[Start of Attachment]

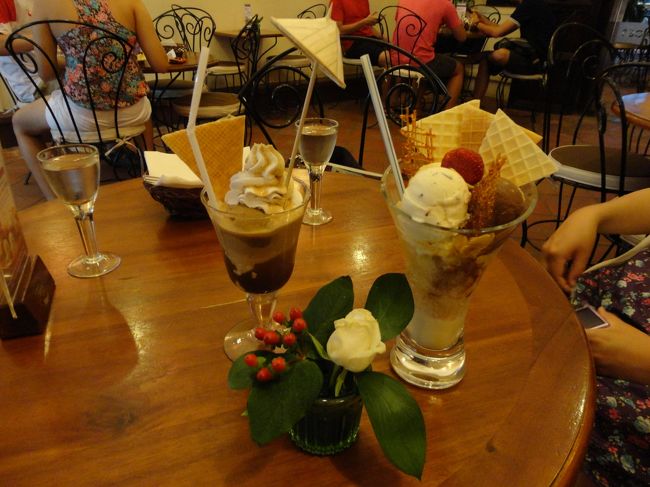 ファニーでパフェを食べました。<br />可愛いパフェがたくさんありましたo(^▽^)o<br /><br />パフェを食べているとものすごい雨が…<br />止んだらお店を出ようかと思ったけど、なかなか止まず仕方なく雨の中歩くことに。。。<br /><br />その後、ベンタイン市場でお買い物♪♪♪<br />写真撮り忘れた〜(>_<)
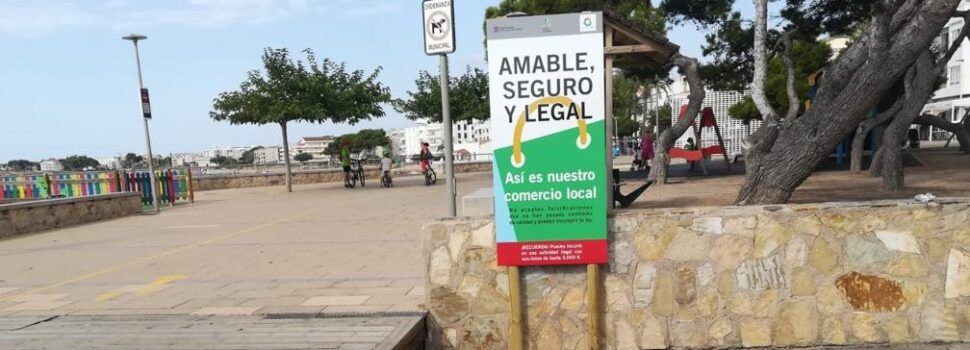 Campanya a Alcalà-Alcossebre sobre la repercussió negativa de la venda il·legal en el comerç local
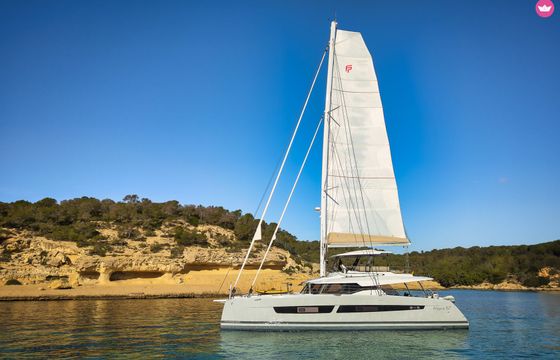 Catamaran Fountaine Pajot Alegria 67 20.5m
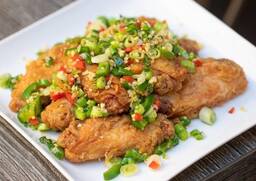 椒鹽雞翼 Spicy Salt Chicken Wings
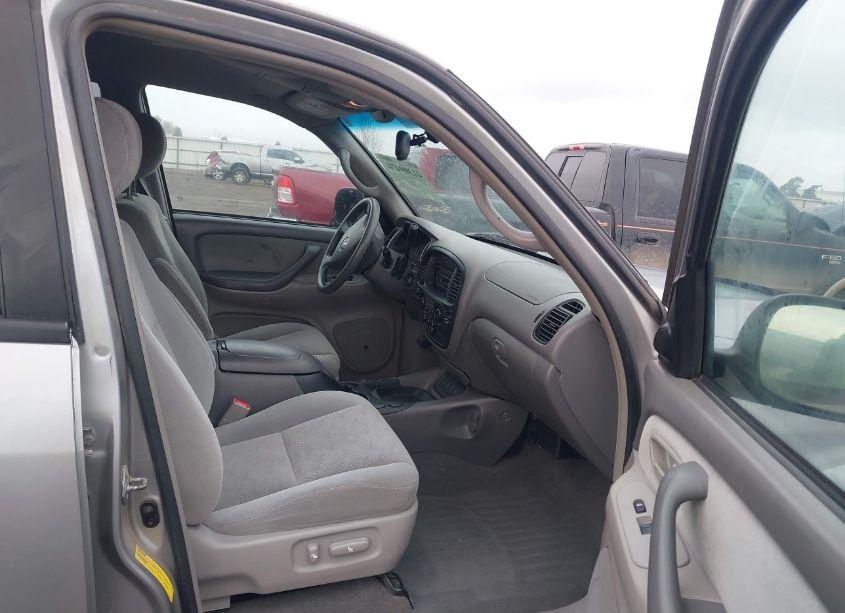 Photo 5 of 2005 Toyota Sequoia SR5 V8 (VIN 5TDBT44A65S237249)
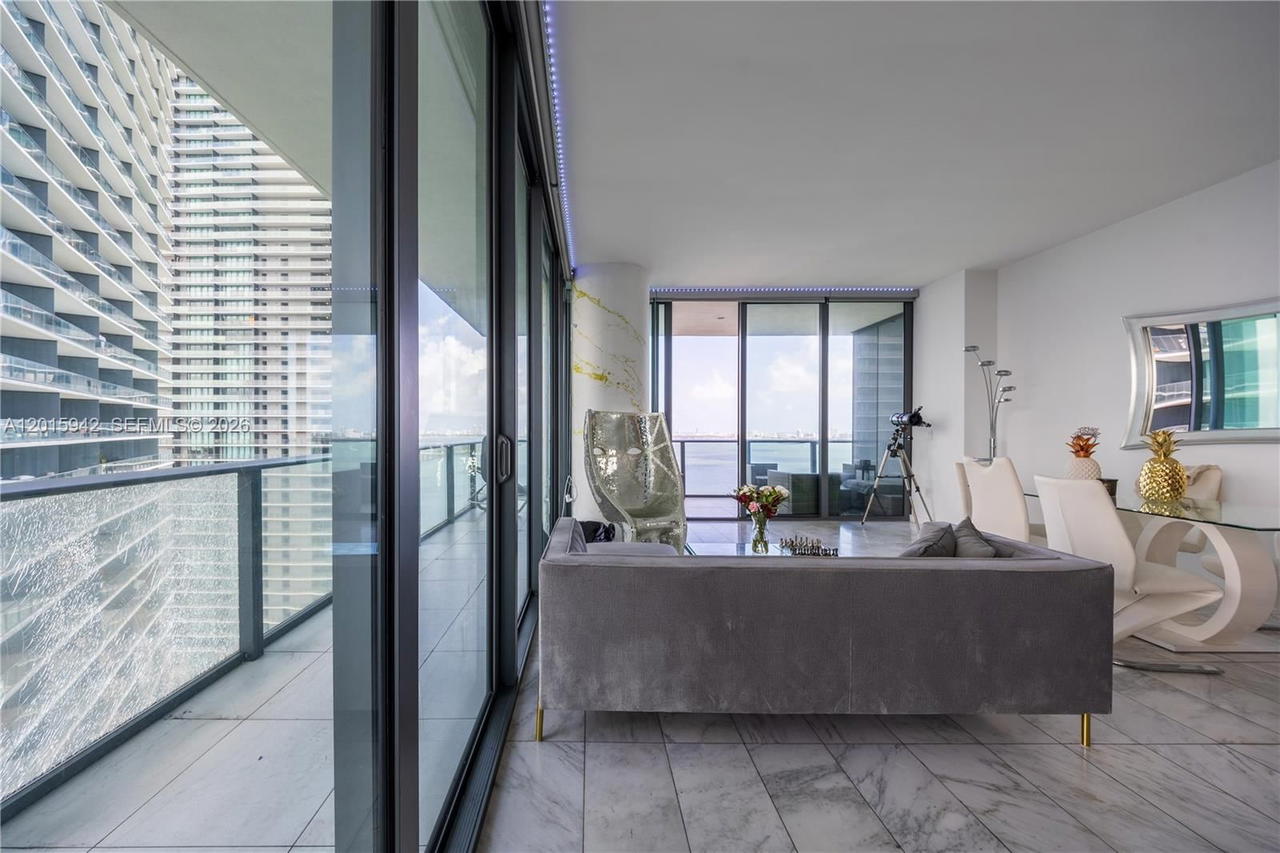 Real estate property located at 480 31st St #2407, Miami-dade, Gran Paraiso Condo, Miami, FL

[End of Attachment]

Problem description
Please return only the lines running from the line with "Catamaran Fountaine Pajot Alegria 67 20.5m" to the final line of the data, both included, exactly and without any pictures.

Task answer
 Catamaran Fountaine Pajot Alegria 67 20.5m
 椒鹽雞翼 Spicy Salt Chicken Wings
 Photo 5 of 2005 Toyota Sequoia SR5 V8 (VIN 5TDBT44A65S237249)
 Real estate property located at 480 31st St #2407, Miami-dade, Gran Paraiso Condo, Miami, FL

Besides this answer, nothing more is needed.